I have liked both kinds of books, and I am sure that - just like life - both can co-exist within the same story too.


----------



## alchemist (Nov 24, 2011)

Personally, I don't like whole novels comprising fun and flippancy. Short stories, sure, but not a whole novel. I've only stopped reading 3 books in my lifetime and 2 were meant to be funny. I don't think the hilarity can be maintained for that long AND have a coherent story (and yes, that includes Discworld).

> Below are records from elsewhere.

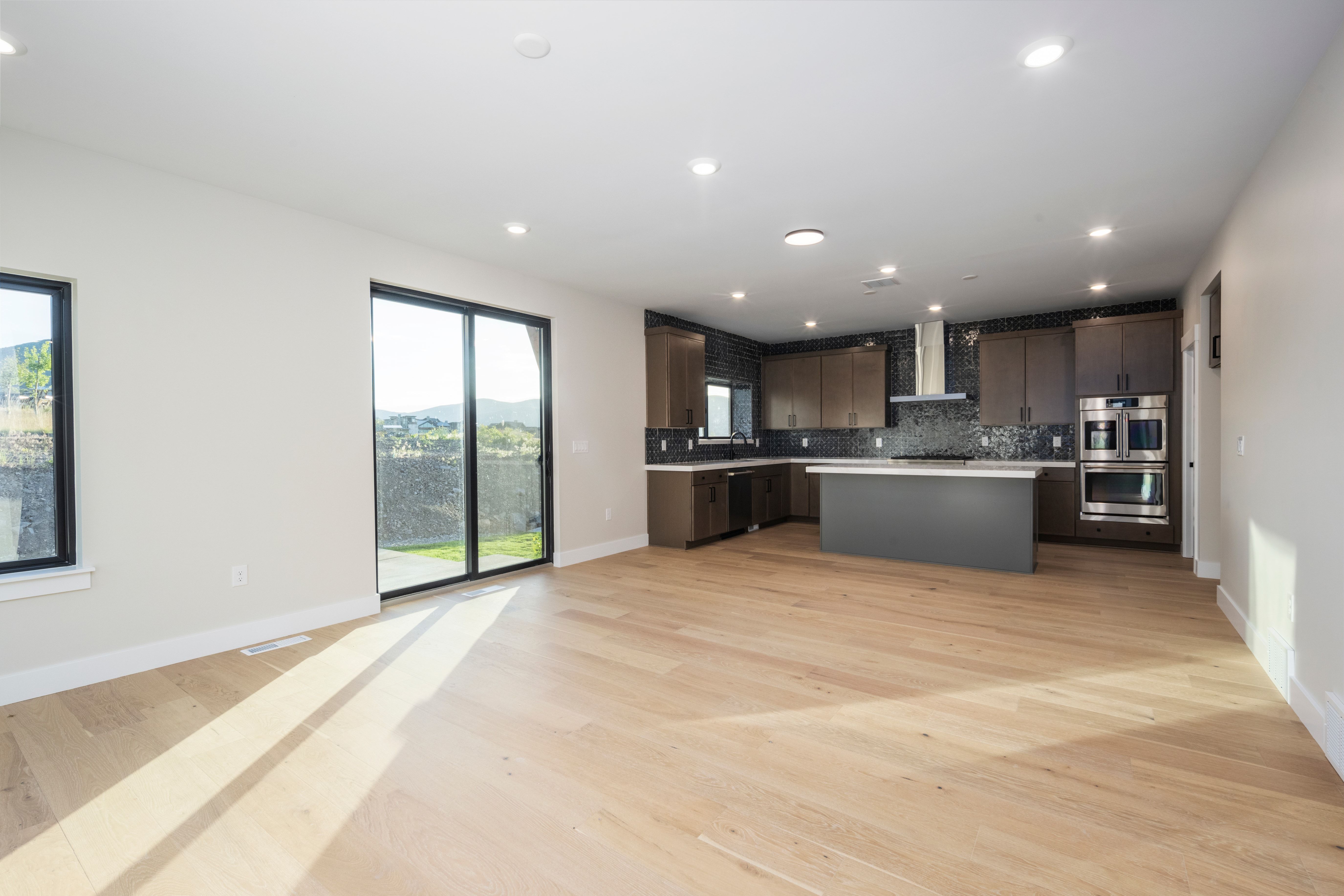Open-concept living area with light wood-finish flooring, recessed lighting, and expansive sliding glass doors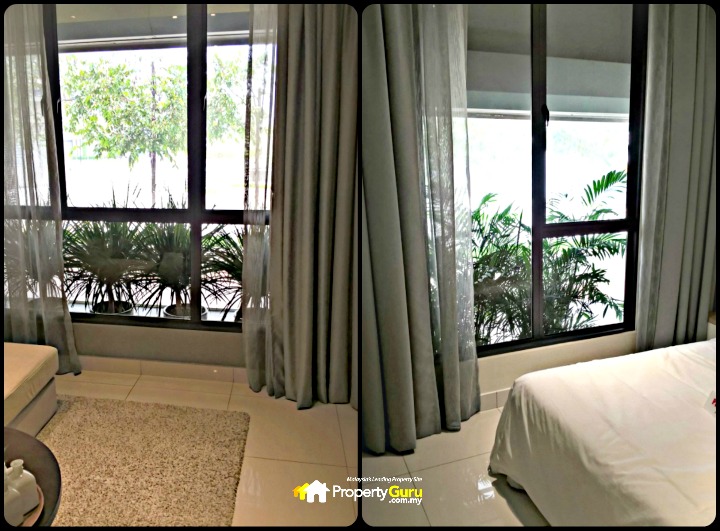 Although there are no balconies, the walls holding the large powder-coated aluminium windows in the hall and Master Bedroom (left and right) are also made of the same glass, allowing crystal clear views of the Seri Kembangan skyline and more than enough fresh air and sunlight through. The potted plants outside the windows are for showroom display only. In the actual building, there will be no flower pot ledges outside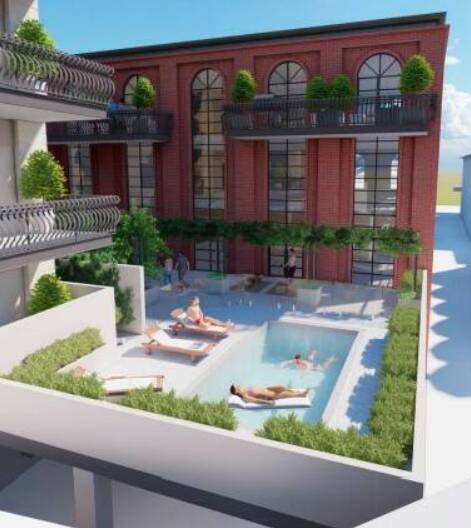 The scaled-back version of the development still includes a cafe, boutique brewery, courtyard, swimming pool and gym. Picture by NGH Consulting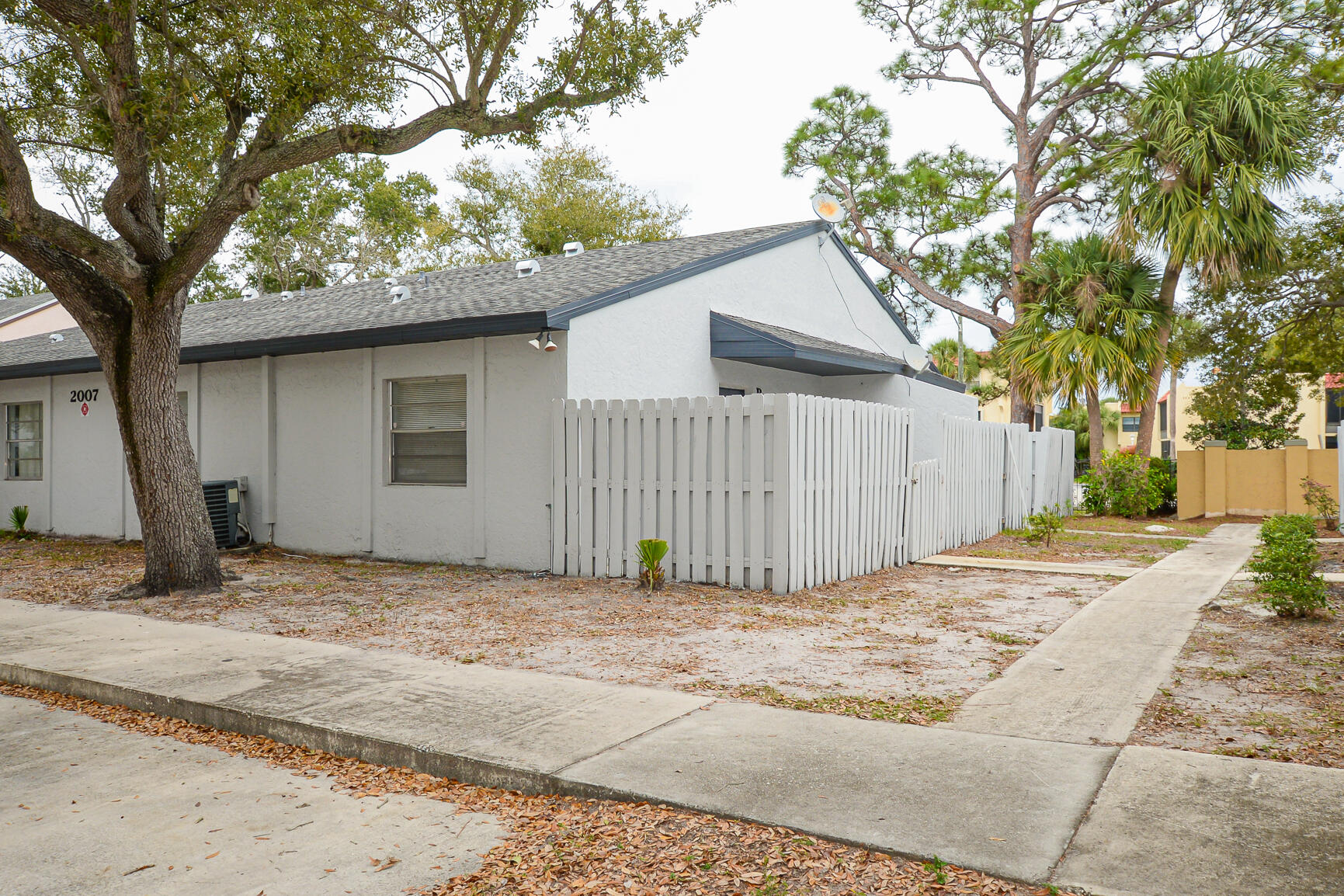 2007 Oleander Boulevard, Unit B Fort Pierce, FL 34950 - Photo 2 of 21 a view of a house with a tree in front of it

Therefore I prefer my Fantasy books dark, just like my, er (no, not tea, or chocolate)...okay, I just prefer my Fantasy dark.


----------



## Jo Zebedee (Nov 24, 2011)

It depends where I'm reading it; on the train, somewhere distracting, I quite like whimsy, and I do like Pratchett, but for a real delve into story there needs to be some edge to it.  Unremitting darkness, I struggle with too, but if I want light I'd probably read a Marian Keyes and leave my fantasy as a more serious undertaking.


----------



## HareBrain (Nov 24, 2011)

I prefer it when a story has a variety of tone (assuming they fit properly together). One tone = monotonous.


----------



## AnyaKimlin (Nov 24, 2011)

I like a great plot, good characters -- beyond that I'm not fussed.  I just want to be taken in by the story.  Best of all is a book that includes tears of laughter and sadness, and a few oh my gosh is that really what is going to happen moments.


----------



## natalienoo (Nov 24, 2011)

I'm relatively new to intensive fantasy.  I've read Hobb and Tolkien, but up until a year ago my fantasy focus was more around Robert Rankin, Jasper Fforde, and the occasional Pratchett.  I've only recently read GRRM (which I'm grateful for.  I'm not great at re-reading books and I would have forgotten everything by the time A Dance With Dragons came out).  

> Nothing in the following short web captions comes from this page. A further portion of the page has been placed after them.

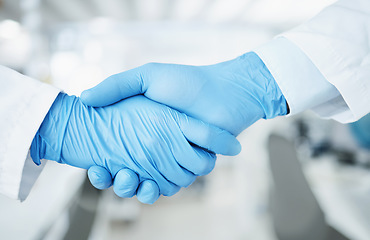 Image showing Team handshake, gloves and lab scientist partnership, agreement or collaboration on medical healthcare project. Laboratory, shaking hands and closeup people teamwork, cooperation and welcome partner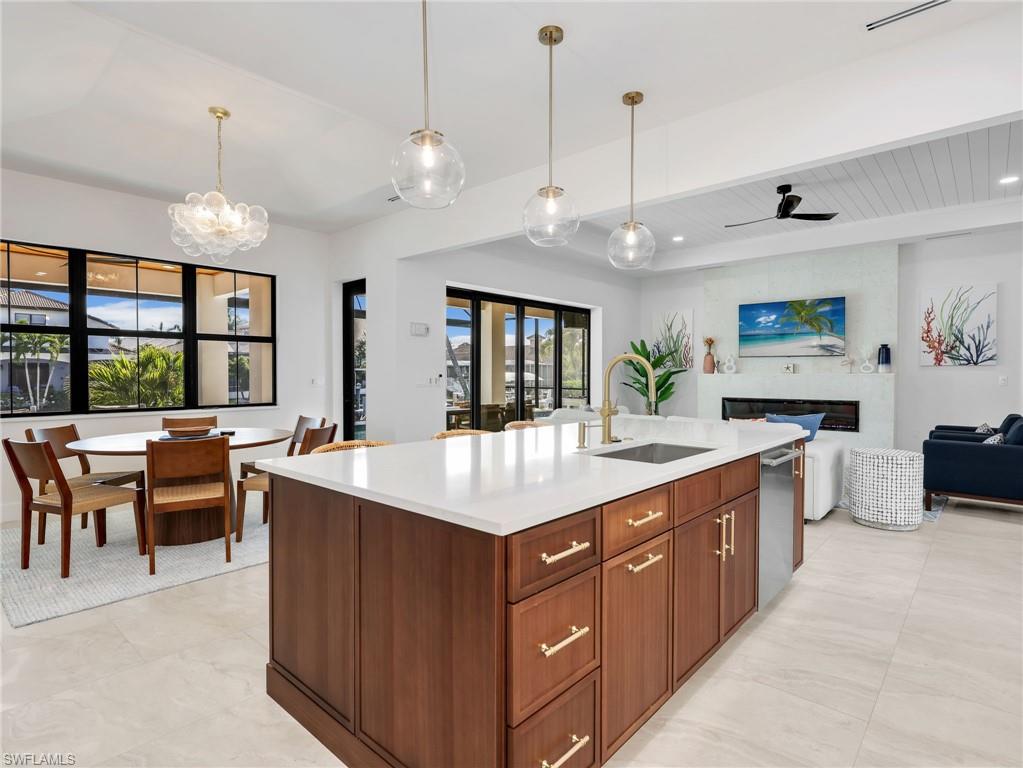 Kitchen featuring open floor plan, an island with sink, a fireplace, hanging lights, and wood finish cabinets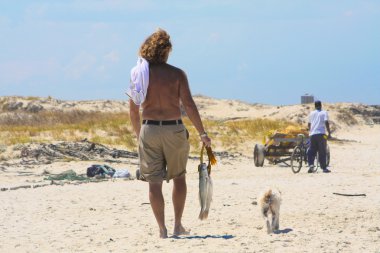 Man walking on the beach with his dog and a freshly fished fish clipart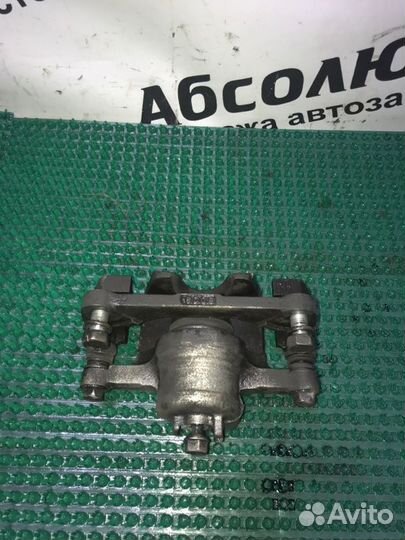 Суппорт тормозной передний левый Chevrolet Spark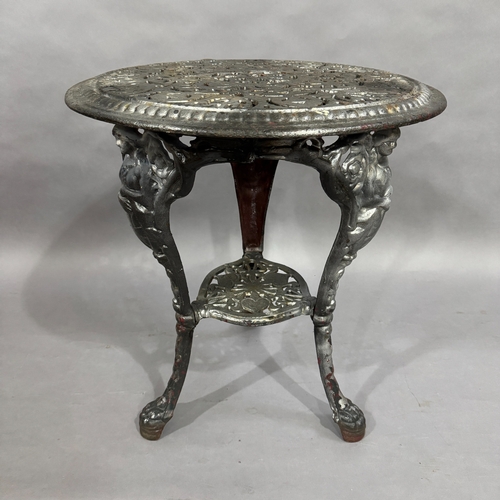 319 - A cast iron pub table, tripod base with under tier, 60cm diameter, 66cm high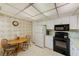 Functional kitchen area with white appliances, a cozy breakfast table, and ample cabinet space at 14130 Rosemary Ln # 4115, Largo, FL 33774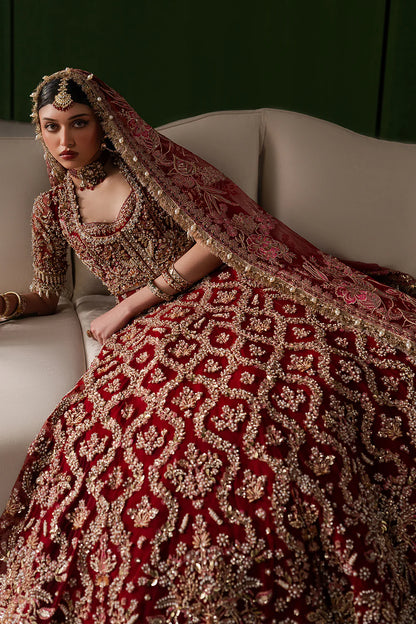 Opulent magenta bridal lehenga with intricate hand embellishment and antique embroidery. Paired with a richly detailed sheer dupatta.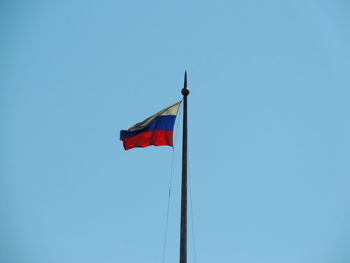 Low angle view of flag flags against clear blue sky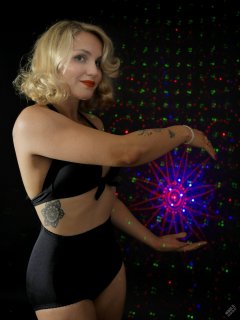 2019-09-07 VZ-Retro - in black bra top and black "style 210" pantie girdle, worn as hotpants - lit by LED, with laser-gobo background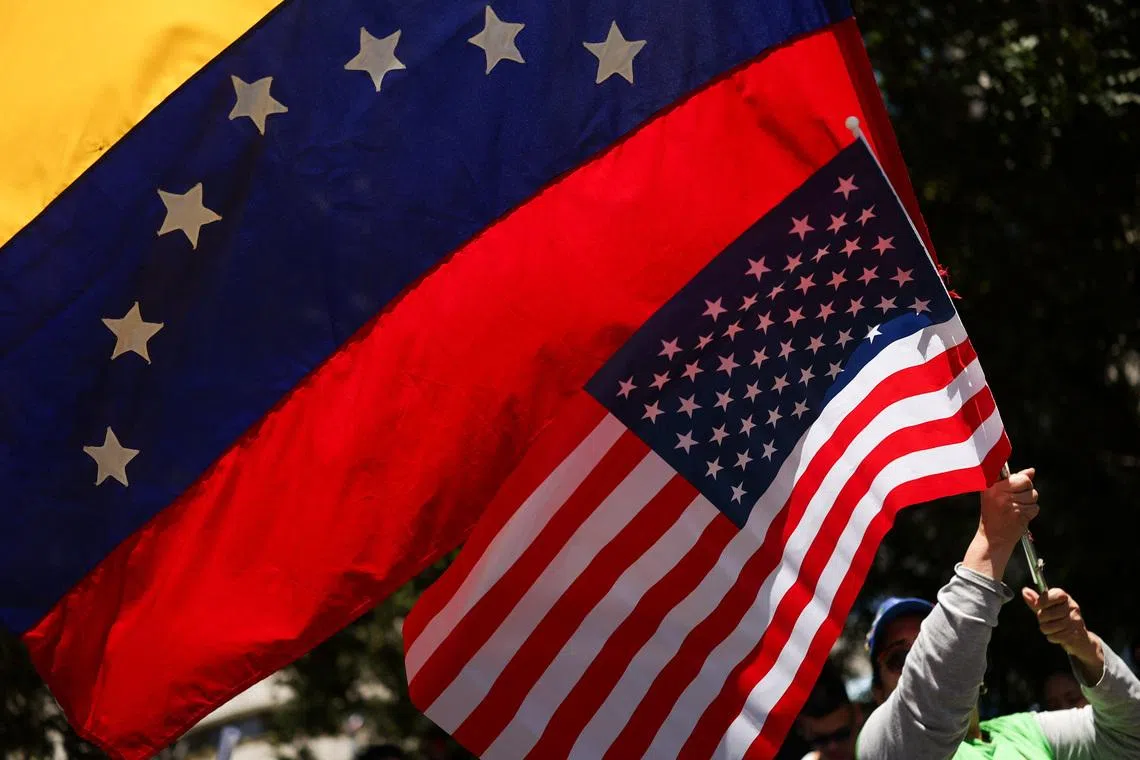 A person waves U.S. and Venezuela's flags as people celebrate following a U.S. strike on Venezuela where President Nicolas Maduro and his wife, Cilia Flores, were captured, in Santiago, Chile January 3, 2026. REUTERS/Pablo Sanhueza/File Photo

I really enjoyed the ride with Westeros, but at the moment I'm re-reading the Thursday Next series so I can read One of Our Thursdays Is Missing with a fresh head of information.  

I don't think my mind could have taken another intensive world immediately after GRRM but it doesn't mean I won't crave something fully enthralling after Fforde.  They can most certainly work alongside one another.

Thrown in the odd classic sci-fi like Wells and Wyndham, the occasional horror from the likes of Barker or King, a little child's book here, a classic fiction there.. literature is love and I enjoy each ride.


----------